The boot pressed down harder.
Bone ground against bone.
His scream broke into a guttural groan as his back arched, the sharp crk-crk of twisting vertebrae echoing through the chamber.
The voice above him was calm, too calm.
“As an accomplice to the twisted thing that dares to conquer our world… you are bold indeed, thinking you could escape my judgment.”
“You!!” the fat man choked, his face mottling red.
BOOM!
The floor beneath them fractured into a spiderweb of cracks, marble chunks breaking free.
Dust billowed up, swirling in the air, making the chandeliers sway overhead.
Along the walls, maids and butlers clung to pillars, their knuckles white, eyes wide with the terror of prey caught in the wrong room.
The figure on the throne, until now silent, rose.
He moved with deliberate slowness, the weight of his presence filling the room.
His expression was unreadable, gaze fixed through the settling dust.
“As a lord of our world,” he said, voice low and cold, “you sold your own species for a handful of… benefits.”

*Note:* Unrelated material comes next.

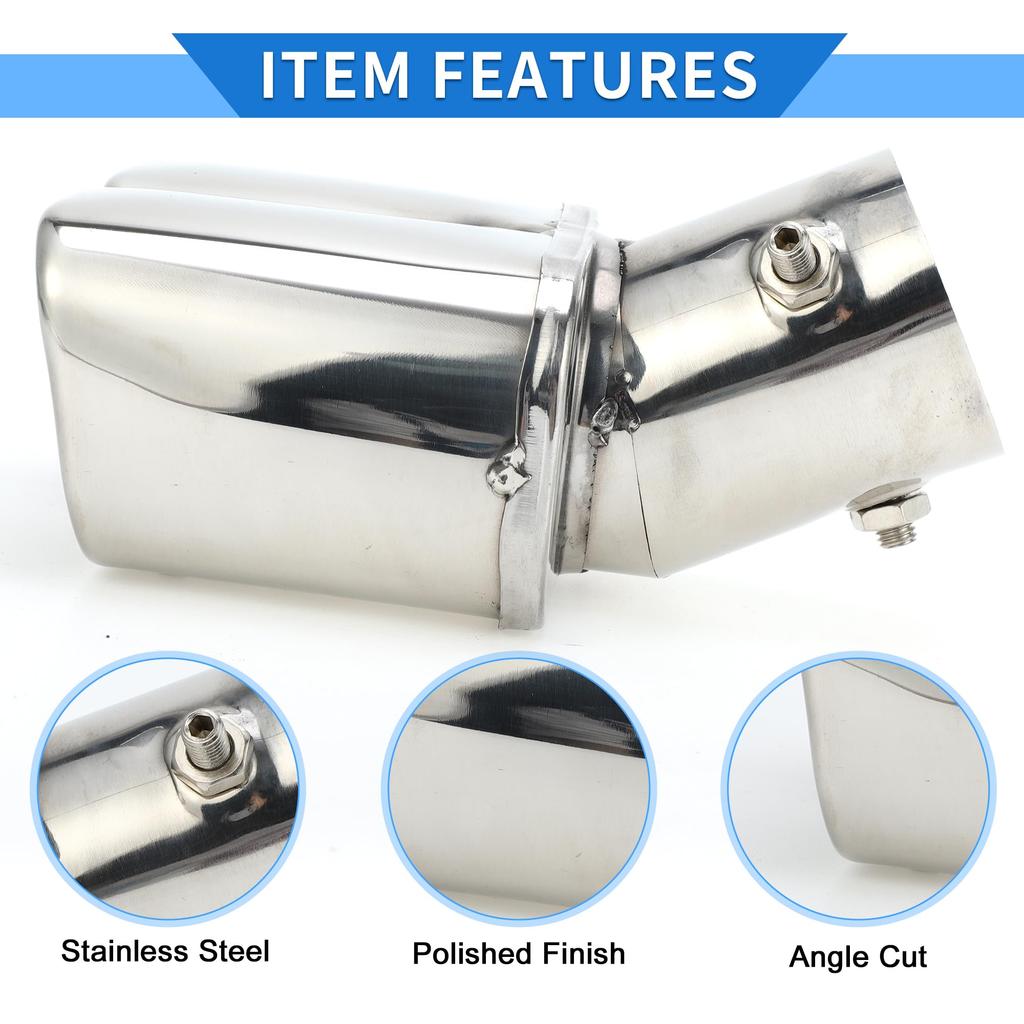 VekAuto Двойной квадратный выхлопной наконечник Вход 60 мм Нержавеющая сталь Серебристый, Косой срез, Длина 170 мм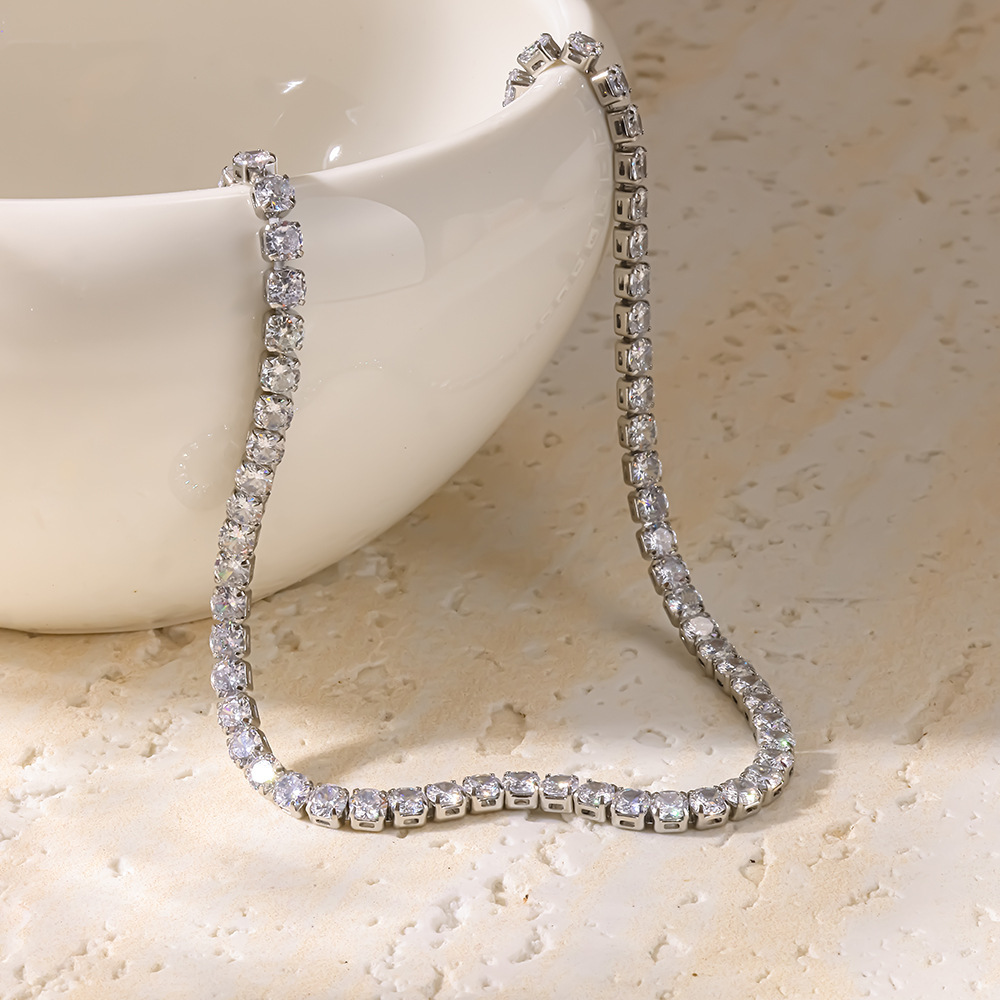 Colliers À Maillons Pour Femmes, En Acier Inoxydable, Couleur Or, Avec Zircon, Forme Géométrique Simple Et Élégante. Image3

From somewhere in the haze, a wet, choking laugh emerged.
“Y–you know… Bahshshs—”
A gauntleted hand lifted. The dust split and fell away as if swept aside by invisible currents.
What it revealed was wrong.
The man in the lavish robe was gone, or rather, what remained of him was something else entirely.
His lower body writhed with slick, black tentacles, each tip pulsing faintly.
His torso remained human, but his skin was the color of old parchment, his mouth twisted unnaturally wide into an eel-like smile.
His eyes glowed dark red.
“The Great Old One,” the creature hissed, “granted me eternal life… at the price of sacrificing my own kind. How,” the grin widened, “could I refuse such a gift?”
The pale figure standing over him tilted his head slightly.
“And for you to survive that trap…” The creature’s laugh bubbled up again, unsettlingly wet. “I didn’t expect it. No—I didn’t expect it at all. Word is… several True Lords are hunting you down. Hahaha, Adrian... The white walker... "
“I suppose I’m just a fast runner,” the tall figure replied, voice as flat as iron.
Then his head lowered slightly, the air around him tightening. “Enough. Die.”
The creature’s tentacles slammed down, cracking the marble again. “I won’t die!!!”
"You tried to have someone that you shouldn't, Hahahaha... and because of you, our world was punished Hahahaha!"
"Adrian!!!!"
The pale figure’s gauntlets flexed, light catching on the faint frost blooming across their surface.
The tension split the air in two.
Outside, the clouds churned. Somewhere deep in the bowels of the hall, the temperature dropped.